问题描述:
RuntimeError: Error(s) in loading state_dict for Model:
Missing key(s) in state_dict: “MLP.3.weight”, “MLP.3.bias”, “MLP.6.weight”, “MLP.6.bias”.
Unexpected key(s) in state_dict: “MLP.2.weight”, “MLP.2.bias”, “MLP.4.weight”, “MLP.4.bias”.
这几天天天改bug,改的我实在想吐,下面的解决方案是参考了一个国外大佬的回答
## MLP Model modules
MLP = nn.Sequential(
nn.Linear(100, 100),
nn.ReLU(),
nn.Dropout(0.2),
nn.Linear(100, 100),
nn.ReLU(),
nn.Dropout(0.2),
nn.Linear(100, 2)
)
上面是我在模型使用了nn.Sequential,关键就是每一层都没有名字,这个时候torch就会随机按照规则起名字。

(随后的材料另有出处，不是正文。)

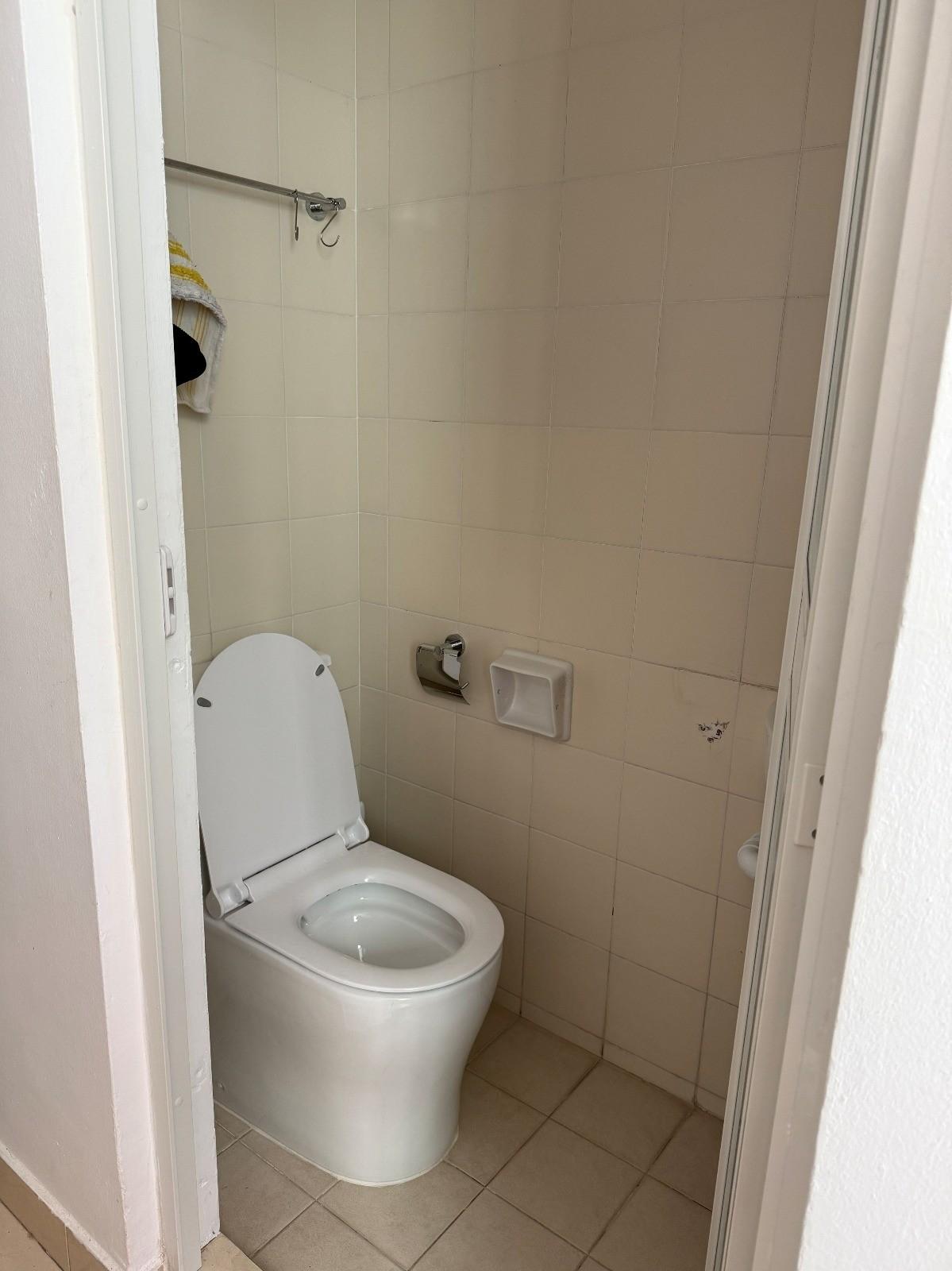 Condominium for Rent, The Madeira Condominium For Rent, $4,900, 3 Bed 3 Bath 1,378 sqft $3.56 psf, SGD 4,900 | 99-year Leasehold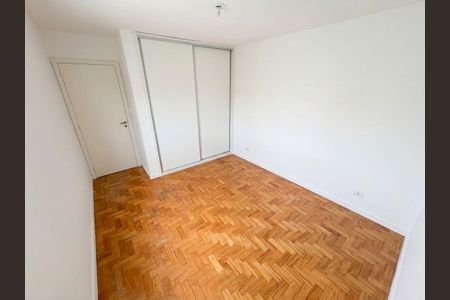 Apartamento à venda com 130m², 3 quartos e 1 vagaQuarto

程序再次运行时由于环境不一样,就会导致这样的问题,还有大佬说是使用了多cpu或者GPU训练导致的。
将nn.Sequential里面的代码改为下面的:为每一层指定name
MLP = nn.Sequential(OrderedDict([
('fc1',nn.Linear(100, 100)),
('relu1', nn.ReLU()),
('dropout1', nn.Dropout(0.2)),
('fc2',nn.Linear(100, 100)),
('relu2', nn.ReLU()),
('dropout2',nn.Dropout(0.2)),
('fc3',nn.Linear(100, 2))])
)
有人也将torch.load()的参数strict设置为False,但是对我的来说不行,还可以考虑按照顺序匹配,但是太麻烦了。